How to Price/Cost an ML or Data Project - Part 1
At Oxygen AI, we've tackled data projects (data science, data engineering, big data, data scraping, etc) across a wide variety of industries, using various technologies and methods. This has given us insights on how much effort it takes to complete a project, and what types of costs and risks are involved in addition to that of a conventional project.
Thus we have a gut feeling on project costing and pricing. This has been invaluable in building successful customer relationships, and building a practice that can sustain profitability.
When sharing the pricing of a potential project with a client or customer, it is crucial to be upfront with the risks involved as well as the cost components. And for some situations, it's best to decline projects.
This is the first of a few articles on pricing and costing data projects. Before we get into real numbers and financial estimates, I'll start with high-level notions that may be familiar to program and project managers.
Mature vs. Custom Applications
It has to be said that machine learning and deep learning is advancing rapidly. There are many platforms (on AWS, GCP and others) that have turnkey solutions involving images recognition, natural language understanding and other applications. Rather than engage with a team of data scientists, it could be sufficient to use these platforms. Pricing of these solutions is in most cases transparent. However, for many users, these solutions are too inflexible or opaque for a custom need.
The same can be said for data scraping and data acquisition. Many turnkey platforms exist but may be too limited in scope or functionality for some users.
Thus, my focus will be projects that stem from a custom need.
Dynamic Data vs Static Data
Another segmentation of data projects can come from the data source. Some applications have data that has a relatively unchanging structure and whose relevant properties don't change over time. Accounting data comes to mind, where inputs to systems have to adhere to strict and well-established rules.

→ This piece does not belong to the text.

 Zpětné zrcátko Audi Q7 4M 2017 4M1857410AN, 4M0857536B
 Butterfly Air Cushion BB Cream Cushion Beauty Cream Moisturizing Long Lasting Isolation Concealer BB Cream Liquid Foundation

Other data is unstructured, follows no strict structure, and has properties that will change over time. A common example of dynamic data is web marketing data. People's preferences change over time, so a site that garners a flood of clicks today may only generate a trickle a month from now.
So, my other focus will be on projects that draw from relatively dynamic and unstructured data.
Data Projects are Different
Since data projects involve code and devops, there is a tendency to assume they have the same cost/risk profiles as web development projects. But there are a few key differences, depending on the specific project. Such difference include:
- Uncertainty of Success: This truth is rarely spoken, but projects that involve machine learning models have a high risk of failure compared to web development projects. Anyone can throw data at an algorithm to train model and get an output. However, can a resulting model's performance meet the demands of the end user? This is not a forgone conclusion. There are best practices to get there, but sometimes running these seem more data art than data science.
- Indirect Path to Success: Related to the last point, data projects are very iterative. In a conventional project, participants move sequentially through established steps. For data projects, such linearity is a luxury. Data practitioners move back and forth between phases until performance thresholds are achieved.
- Moving Targets: Related to dynamic data, a scraping script or machine learning model has to be robust enough to withstand unpredictable changes in the data sources or the data distributions. Either code must be written to deal with this uncertainty, or a proper level of support must be planned after a solution is delivered.
The factors above can have a significant impact on the project cost and schedule. Because of the non-linear and iterative nature of data projects, they can sometimes defy being boxed into traditional Gantt charts. So in practice, even if a project is presented linearly to a customer, internally the uncertainties have to be accounted for in some way. Such uncertainties impact:
- Labor hours: Ideally a task could take 5 hours. But one or two iterations could stretch this. Experience can serve as a guide to how many iterations are needed and thus what an expected number of labor hours are required.
- Infrastructure costs: CPU/GPU/TPU time is also a critical factor if cloud machines are being rented. The more iterations, the higher the bills.
- Increased support: After a project is delivered, what support is needed to update scripts, retrain models, and otherwise mitigate the impact of dynamic source data?